**DIRECTIONS**
Give all of the listing again word for word, with images excluded.

**INPUT DATA**
________

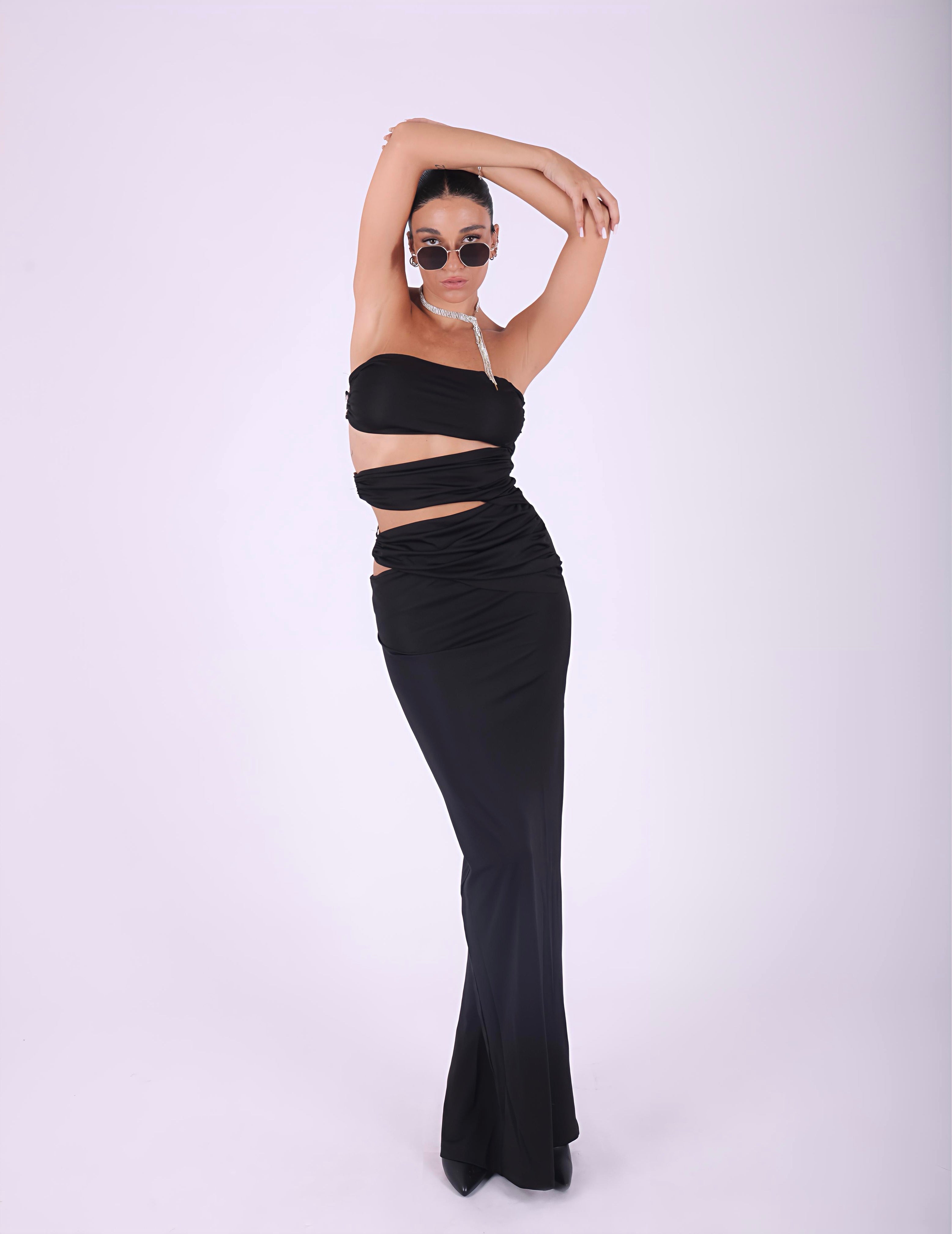 Odette Cutout Dress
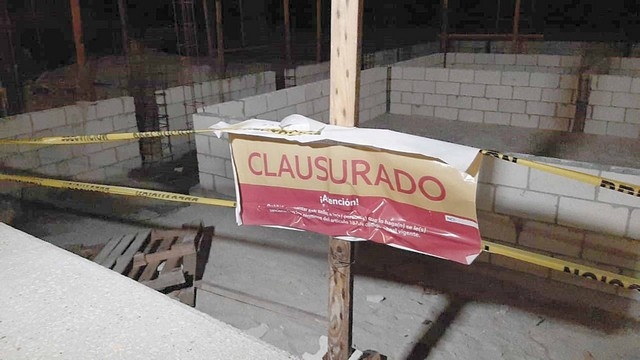 El proyecto, que forma parte de la ampliación del malecón, carece del estudio sobre Impacto Ambiental, por lo que Profepa canceló la construcción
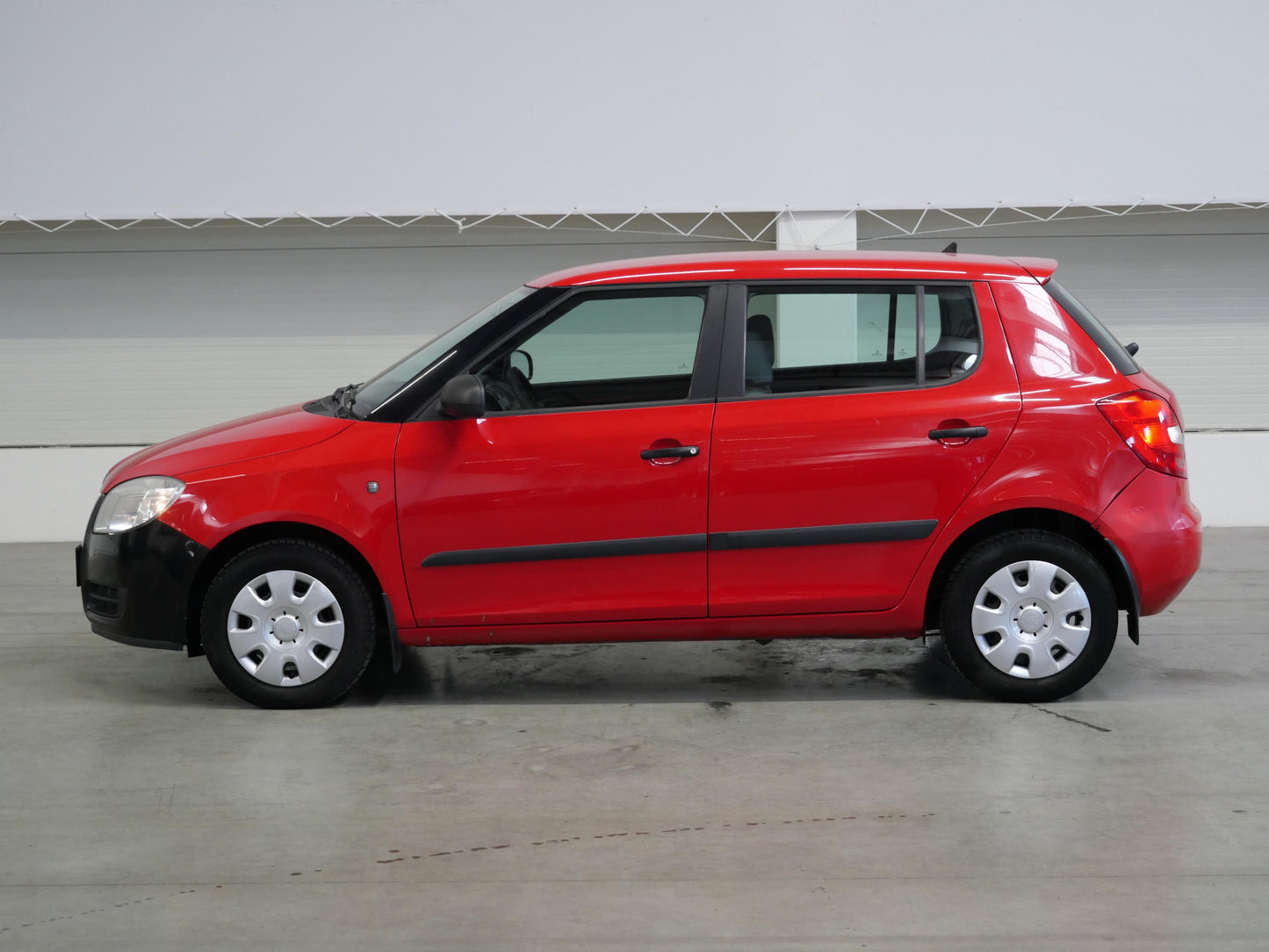 Škoda Fabia 1.2 HTP 47 kW Classic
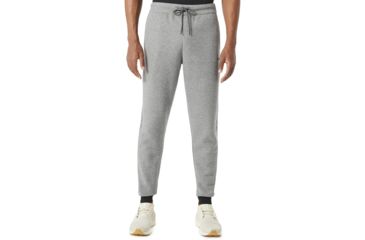 Image of Oakley Tech Knit Pant - Mens, Athletic Heather Grey, Extra Large, 422311-24G-XL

________

**RESPONSE**
 Odette Cutout Dress
 El proyecto, que forma parte de la ampliación del malecón, carece del estudio sobre Impacto Ambiental, por lo que Profepa canceló la construcción
 Škoda Fabia 1.2 HTP 47 kW Classic
 Image of Oakley Tech Knit Pant - Mens, Athletic Heather Grey, Extra Large, 422311-24G-XL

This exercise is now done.